Joseph A. Rigotti

Two decades after taking over the family cheese shop on 9th Street, cousins Bill and Emilio Mignucci have turned Di Bruno Bros. into a $20 million foodie empire. For their next trick: saving the Italian market

The fact is, this place has always been a platform for new immigrants grasping for a toehold in America. And though the embarkation points have changed from Naples to Saigon to Puebla, the striving speaks the same language. There are whispers that some of the established Italians don’t like the Mexican newcomers. “That’s asinine,” says one of the younger Italian-American shop owners. “When I look at the Mexicans now, I see my Italian grandparents.”

Standing amid this street-level swirl of stasis and change, Emilio Mignucci seems right at home. He’s become the unofficial mayor of 9th Street, having been elected to the presidency of the market’s merchants’ association, which he helped revive after a period of dormancy.

Emilio was born a block away, walked to the St. Paul Catholic school through this corridor, started working at an outdoor produce stand when he was 12. That he insists on being back here at the store every Saturday sometimes frustrates his wife, who grew up here, too. “You work every damn day,” she tells him. “Can’t you take Saturday off?” “Why would I do that?” Emilio says. “All my life I’ve worked Saturday, since when I was a kid and worked in the stands. What do you mean, take off on a Saturday? What would I do?”

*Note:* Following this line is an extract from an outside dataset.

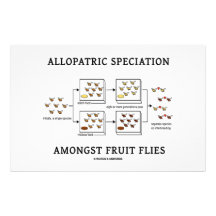 Allopatric Speciation Amongst Fruit Flies Stationery Design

Today, business is slow, so Emilio can step away from the shop and give a tour. First stop, the little locked-up corner sandwich shop they called Di Bruno Bros. Pronto, for which he’s finally secured a liquor license and which he wants to turn into an osteria with a sidewalk café. He’s looking for a restaurateur to partner with, and the name Vetri pops up several times. (Marc Vetri calls the Mignucci cousins “great guys,” but says he is busy elsewhere right now.)

As Emilio talks, an old man slips on an icy sidewalk, and Emilio, in mayor mode, hustles across the street to help him up. The man is okay; Emilio pulls him upright, brushes him off and sets him on his way. Then he trades jibes with an outdoor produce vendor nearby.

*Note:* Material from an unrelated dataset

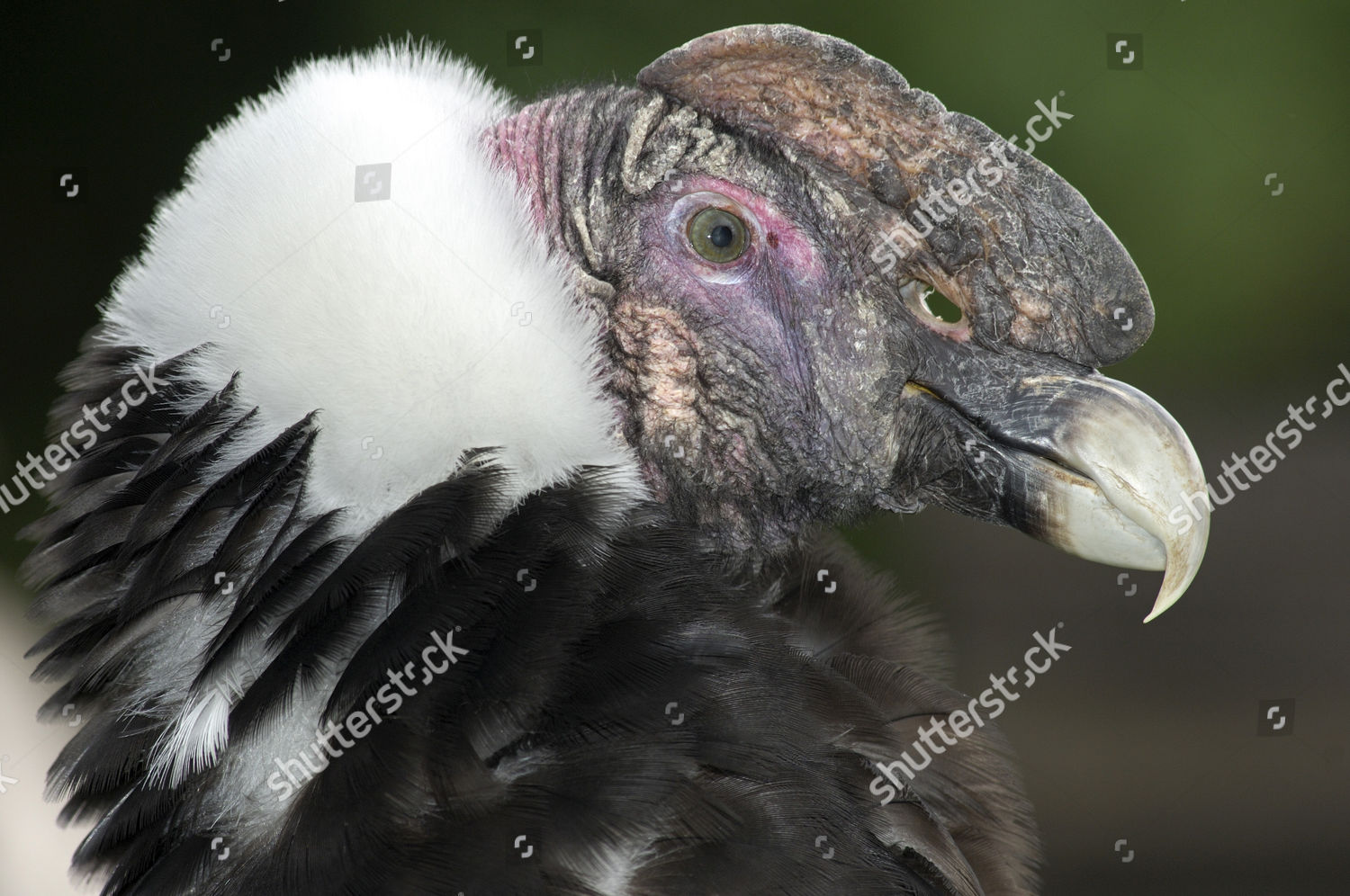 Juvenile Andean Condor Vultur Gryphus Open Editorial Stock Photo ...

“You in a good mood today?” Emilio shouts.

“Why not?” the man replies. “I don’t have any money, so there’s nothin’ to worry about.”

“I’d introduce you to him,” Emilio says, “but he’d probably say bad things about me.”

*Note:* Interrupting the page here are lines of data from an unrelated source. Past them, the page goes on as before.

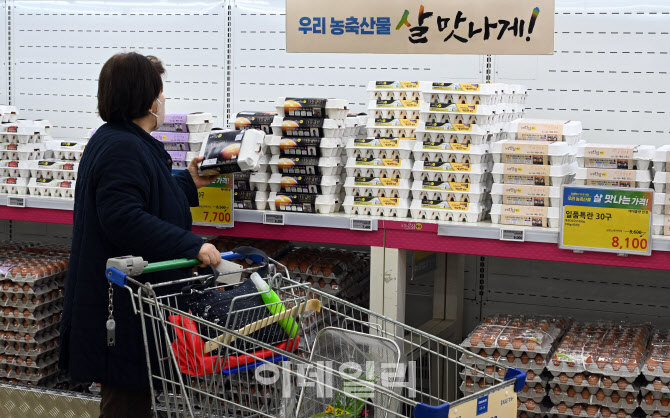  AI 확산세로 계란 오름세                                                                                                                                                                          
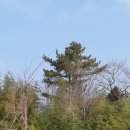 남악사지 이미지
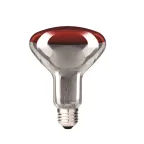                  Лампа накаливания инфракрасная зеркальная ИКЗК 250Вт R125 Е27
               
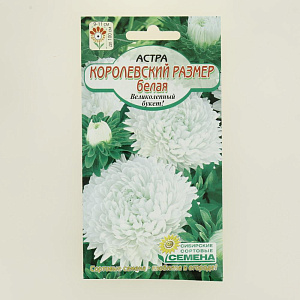 Семена Астра Королевский размер Белая 0,2гр.(ссс) ЛИДЕР ПРОДАЖ! СС009335 пакет 000000000001194686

Emilio strolls into a cozy, bustling coffee shop owned by his friend Anthony Anastasio, a fourth-generation shopkeeper (this coffee shop was once his grandfather’s produce store) who was one of Emilio’s cohorts in recently waking the dormant South 9th Street Business Men’s Association. Emilio got the merchants back together again in 2005 simply to revive the annual Italian festival that he remembered so fondly from his childhood, with thousands of people cramming the streets, the statues of the saints from the local parish paraded through, and food and bands and a greased-pole-climbing contest.